One of the things the show actually did better than the books was display Theon’s inner conflict. First, some back story: six years after Robert overthrew the Targaryens, Theon’s father Balon named himself King of the Iron Islands and rebelled against the Throne. By the time Balon surrendered, his two eldest sons had been killed. As punishment, Theon, his last surviving son, was made a ward of House Stark.

Theon was raised among the Stark children, but he was never one of them. In the finale, he tells Maester Luwin, “I saw [Winterfell for the first time] and I thought ‘of course Ned Stark crushed our rebellion and killed my brothers, we never stood a chance against a man who lives here,'” before asking, “Do you know what it’s like to be told how lucky you are to be someone’s prisoner?”

Theon was one of the first to swear his sword to Robb Stark when he was named King in the North. But when he was sent as an envoy to bring the Iron Islands to Robb’s cause, he was caught between his two families, religions, cultures, and as it turned out, sides in the war. Theon chose his blood family, and it’s clear that decision haunts him every single day.

With the devil that is Dagmer Cleftjaw sitting on his shoulder, Theon does horrible things. He seizes Winterfell, kills Ser Rodrik, and burns two orphans boys, passing them off as Bran and Rickon after they escape. In his conversation with Luwin, the maester tells him, “You’re not the man you’re pretending to be,” to which Theon responds, “You may be right, but I’ve gone too far to pretend to be anything else.”

In the end, both of Theon’s families have turned their backs on him. As for what his future holds as a captive, we’ll just have to wait and see, but I’ll bet it rhymes with bleak.

The Rise and Fall of Tyrion Lannister

Both the second season of “Game of Thrones” and “A Clash of Kings” might be more aptly named “Tyrion Lannister: Bad-freakin-ass.” With his father off fighting the war, Tyrion is sent to King’s Landing to serve as acting Hand of the King, which he announces to Cersei when he walks oh so triumphantly into the chambers of the Small Council (whistling “The Rains of Castamere,” no less). As the only sensible Lannister in the capital, Tyrion’s got a lot on his plate: there’s his psychopathic idiot of a nephew, King Joffrey, first of his name; his overly-paranoid sister; and, of course, all the problems that come from having two such people in charge. Ironically, he gets blamed for many of these problems because he’s different; it’s just easier that way.

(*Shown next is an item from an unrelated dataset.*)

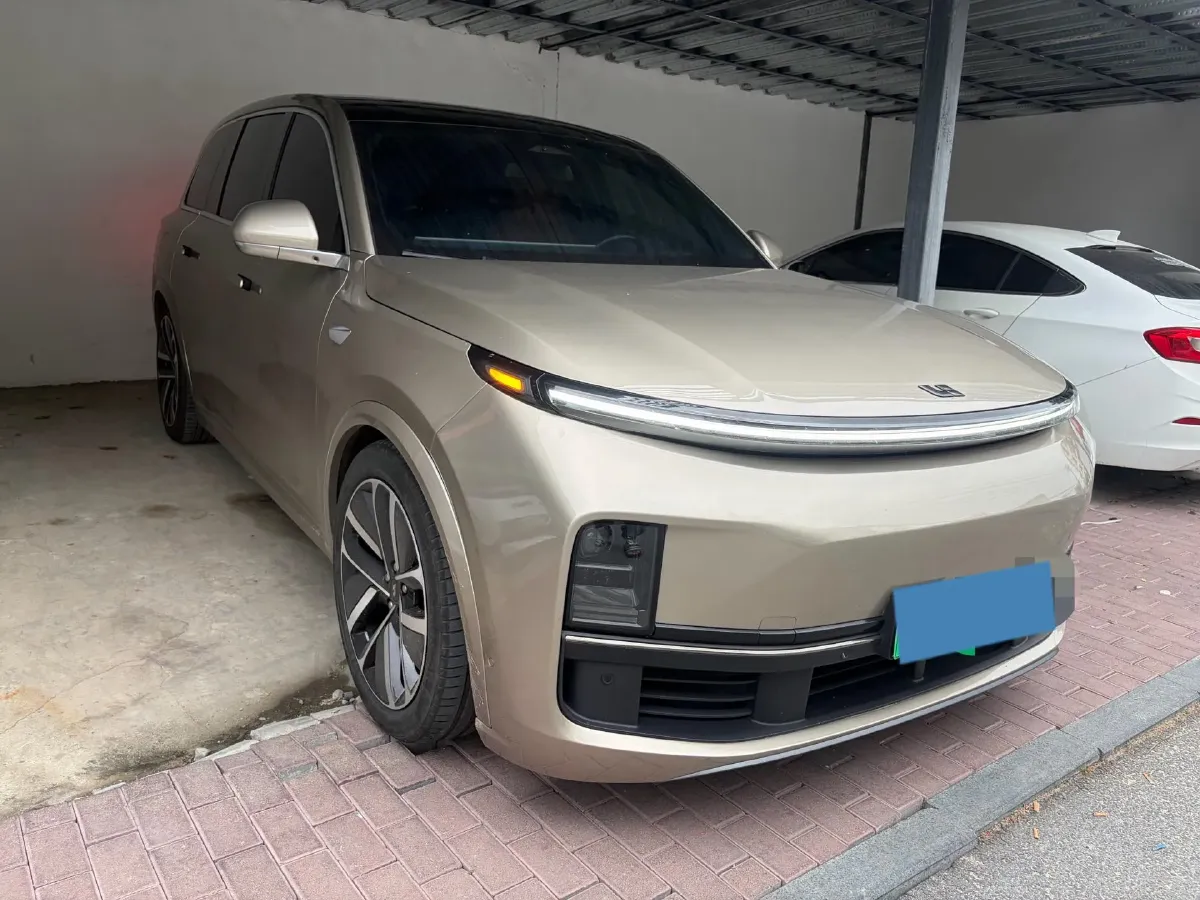 2023 Li L9 Range Extended 154HP REEV 42.6KWH,autocango,china used car exporter,china ev exporter,chinese used car exporter,chinese used ev exporter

There is a line in “A Clash of Kings” that nicely sums up Tyrion in his role as the “good guy” on the “bad team.” Shae asks him what he will do now that he is Hand of the King and Tyrion responds, “Something Cersei will never expect… I’ll do justice.” But the most important thing Tyrion does to save the city is, well, save the city. Without Tyrion’s plan to use wildfire against Stannis’s troops during the Battle of the Blackwater, the city would have surely fallen.

Then there’s the actual battle. As he tells Shae early on, while most others can leave or switch sides, Tyrion wasn’t given a choice. He’s a Lannister. And when Joffrey leaves to “hide behind his mother’s skirts” during the fighting, it is put on Tyrion to take charge. The Imp gives a rousing battle speech before quite literally leading the charge, dwarfism be damned. His reward for all of this, of course, is a sword to the face from one Ser Mandon Moore of the Kingsguard, presumably on Cersei’s orders.

Now, Tyrion is left disfigured, and since his father arrived in King’s Landing, stripped of his title and power. However, Tyrion is still Tyrion; he refuses to run away with Shae because he intends to get his revenge somehow. “In the game of thrones you win or you die,” as Cersei is so keen on saying, and Tyrion ain’t dead yet, so the Queen bitch better look out.

Well, that’s it, another fantastic season of “Game of Thrones” in the books. Worry not, only 299 days until Season Three!